Please give back word for word the lines of the material below between the line containing "Esab OK Autrod" and the line containing "Feeding the Lives", inclusive.

### Data
-*-

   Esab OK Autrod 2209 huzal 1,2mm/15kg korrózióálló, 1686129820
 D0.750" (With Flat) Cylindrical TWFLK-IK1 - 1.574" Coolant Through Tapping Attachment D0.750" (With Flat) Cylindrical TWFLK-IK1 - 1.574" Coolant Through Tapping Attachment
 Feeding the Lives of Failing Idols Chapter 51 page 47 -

-*-

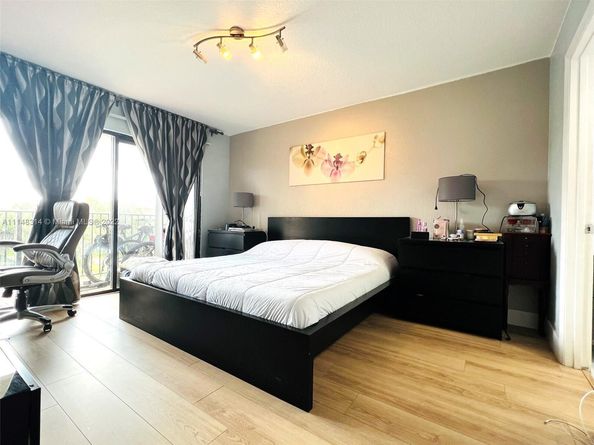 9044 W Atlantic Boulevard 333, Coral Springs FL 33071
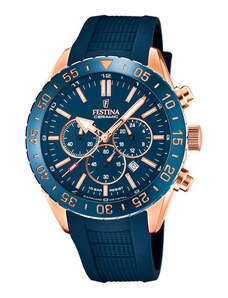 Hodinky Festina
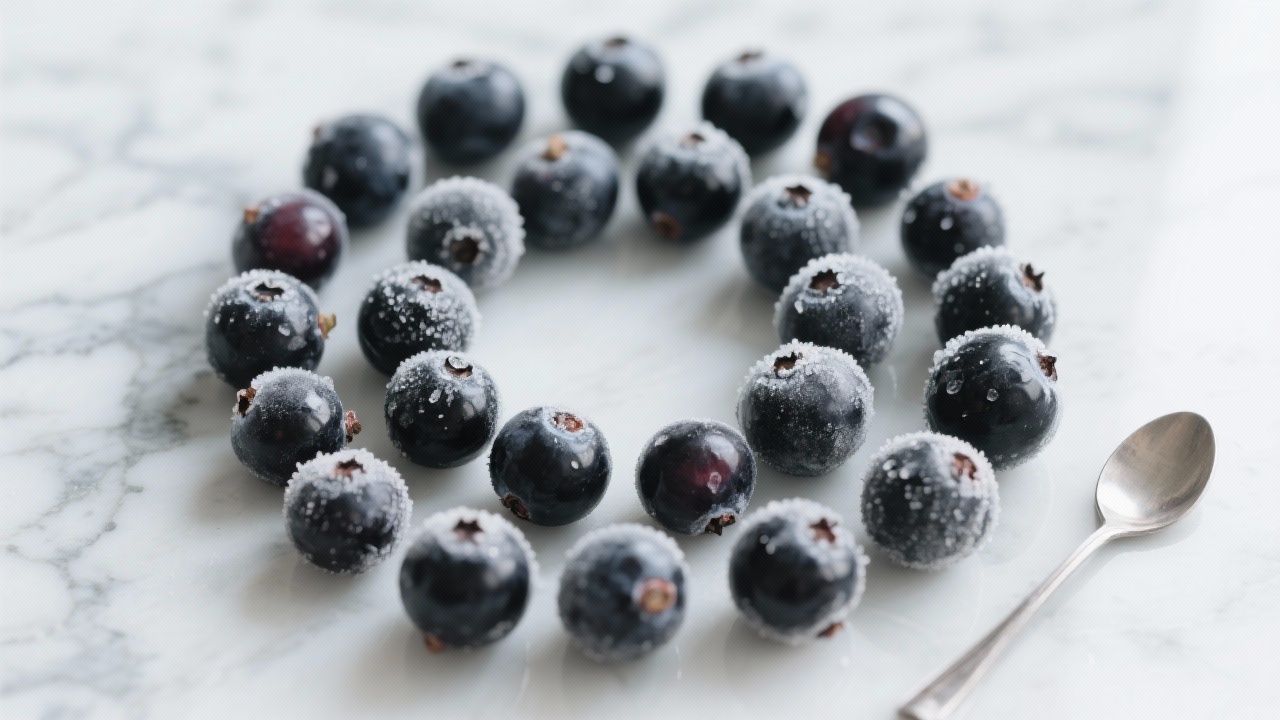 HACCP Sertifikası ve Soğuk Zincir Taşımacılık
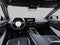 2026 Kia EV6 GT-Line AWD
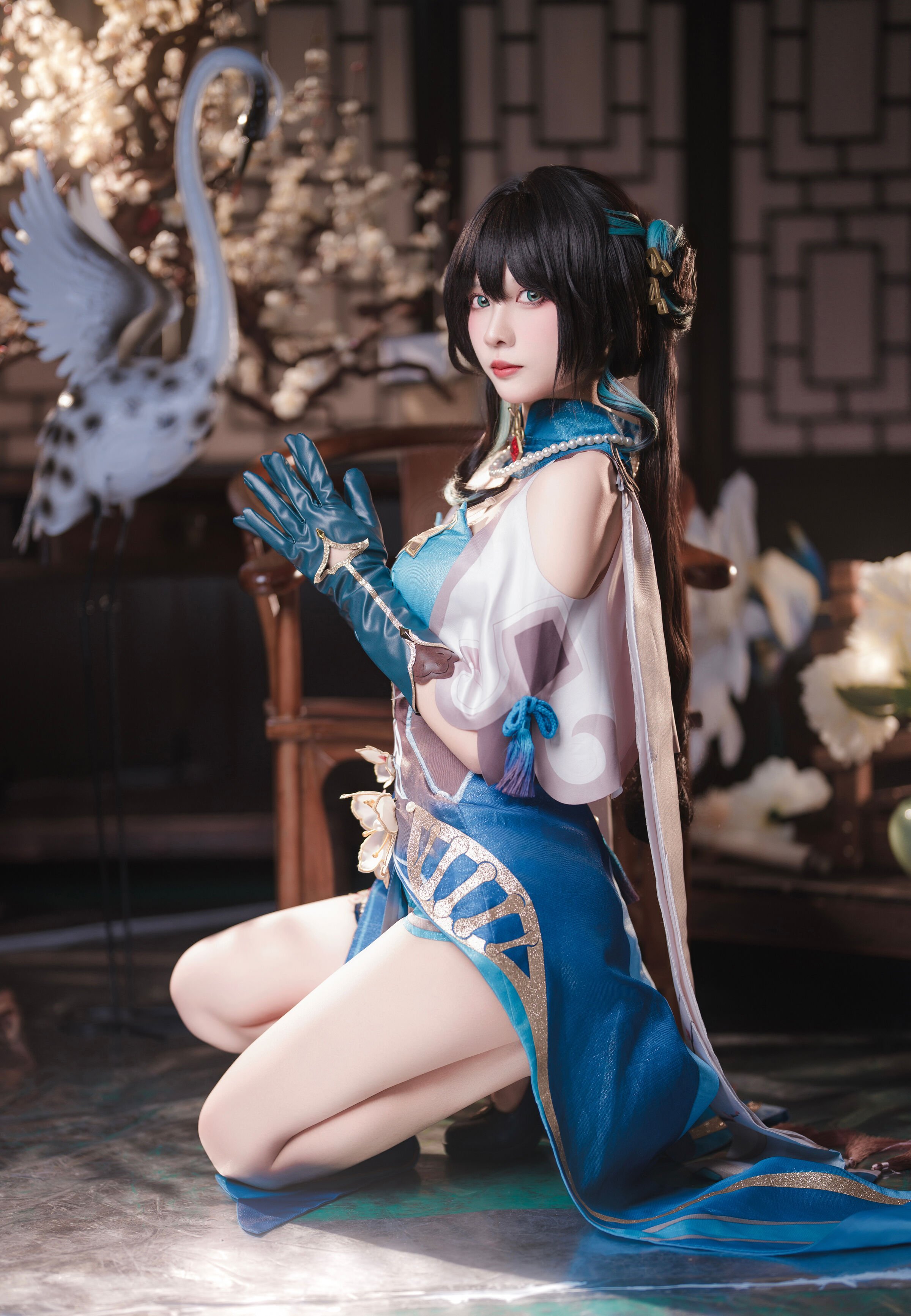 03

-*-

### The completed task
   Esab OK Autrod 2209 huzal 1,2mm/15kg korrózióálló, 1686129820
 D0.750" (With Flat) Cylindrical TWFLK-IK1 - 1.574" Coolant Through Tapping Attachment D0.750" (With Flat) Cylindrical TWFLK-IK1 - 1.574" Coolant Through Tapping Attachment
 Feeding the Lives of Failing Idols Chapter 51 page 47 -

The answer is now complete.